赫連筠俊眉微斂,腦海中仔細辨別剛才聽到的女聲,再次確認,沒錯,就是那個聲音,就是那個女孩

而與他相對的,高逸庭聽到姐弟倆的對話聲,心底某處突然溢進一股暖流,他們說大少爺,就是他吧?是準備給他的禮物吧?

原來,根本不像高雲瑤所說的,她對他全無心思,相反,她還親自花了心思給他做了筆筒?這份心意,誰敢說沒有?

不自覺的,高逸庭挺直了脊梁,自動將姐弟倆對話中,是畫兒親手做的筆筒,直接挪到了李青歌的身上,在他認為,李青畫那樣的小,能做出什麽好東西來?定是李青歌從旁協助才做成的,所以,這一只筆筒與其說是李青畫做的,倒不如說傾註了李青歌更多的心血汊。

想想,高逸庭眸中竟然漾過一絲笑意,也對,依照李青歌那別扭的性子,讓她親自送禮物只怕不能,用這種方式假借弟弟之手的話,倒完全像她的做派呢。

心情一下子明朗了起來,之前因高雲瑤與夏之荷鬧的不愉快,也被清理的差不多了,此刻,高逸庭倒有些期待,她送自己禮物時的樣子。

如果拋去清冷帶刺的神情,她的樣子——應該還是很可愛的吧朕。

而筵席的一角,正與幾個年輕姑娘低低說笑的高逸軒,聞言臉色亦是微微一變,那小丫頭到底還是來了呀,想到那日她故意挑撥夏之荷與高逸庭,他心裏很不是滋味起來。

那日,那小丫頭就是在吃醋吧!

唇邊溢出一絲自嘲的冷笑,高逸軒的目光也不由得朝那林子深處望去。

那林子深處,一對小小的身影慢慢的走了來,很快出現在了人們的視線裏。

女孩看起來,約莫十二三歲,個子不是很高,瘦瘦弱弱的模樣,穿著一件月牙白色蘇錦衣,外罩淺紫色紗衣,胸口還掛著一塊黃燦燦的金項圈,項圈上墜著一塊色澤透明的瓔珞。

她臉蛋標致,依稀帶著點可愛嬌憨的嬰兒肥,皮膚白皙,雙眸澄澈,渾身上下散發著少女純凈自然的氣息。

她邊上正蹦蹦跳跳的走著一個小男孩,看上去頂多六七歲的模樣,小臉白白凈凈,一雙大大的眼睛烏溜溜的,可愛至極。

這一對姐弟的出現,宛如一股清新宜人的微風,迎面吹來,吹散了眾人心中的躁動與不安。

“姐姐。
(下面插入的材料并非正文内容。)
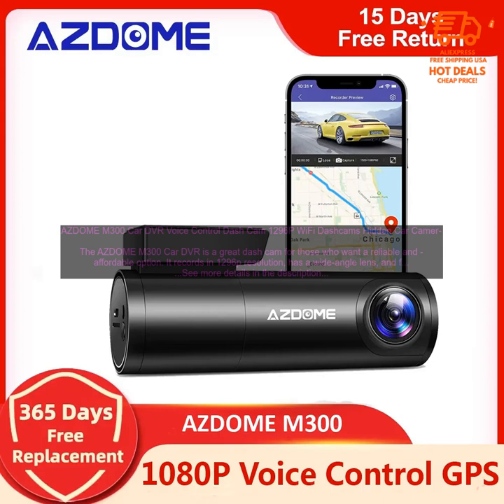The AZDOME M300 Car DVR is a great dash cam for those who want a reliable and affordable option. It records in 1296p resolution, has a wide-angle lens, and features night vision and G-sensor. The M300 also has a built-in Wi-Fi hotspot, so you can easily view and share your footage on your smartphone.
”

突然,看到這麽多人都在盯著自己看,小男孩李青畫先楞住了,然後膽怯的躲到了姐姐李青歌的身後,只敢露出一顆小腦袋,不時的瞅著眾人。

李青歌也是一怔,怎麽回事?都瞧著他們做甚?但經歷太多的她,早已練就了處變不驚的本事,她很快回過神來,聯想到剛才瞟見的高雲瑤被人拖走的畫面,再看到夏之荷倚在高逸庭懷裏狼狽的模樣,很快便串聯出了整個過程,心內一動,唇角微微勾起。

看來與她預料中的差不多,那高雲瑤身上中的毒素,根本無藥可解,至少就她自己而言,也只能施毒抑制毒性擴散,並不能徹底根治。

所以,她有那個自信,即便高遠醫術了得,只怕一時間也難找到根治之法,唯有想盡辦法抑制毒素罷了。

不過,她身上那毒,最怕見光見熱,如果,高雲瑤每日閉門不出,養在閨房,天天泡些藥湯,倒也無礙。

可那高雲瑤是什麽人?自視甚高,驕傲如孔雀,天天夢想著嫁入名門豪族,而今天是高逸庭的生日宴,不但有許多貴族公子要來,就連當今皇上的幾個優秀的皇子也會出現,所以,她怎麽耐的住。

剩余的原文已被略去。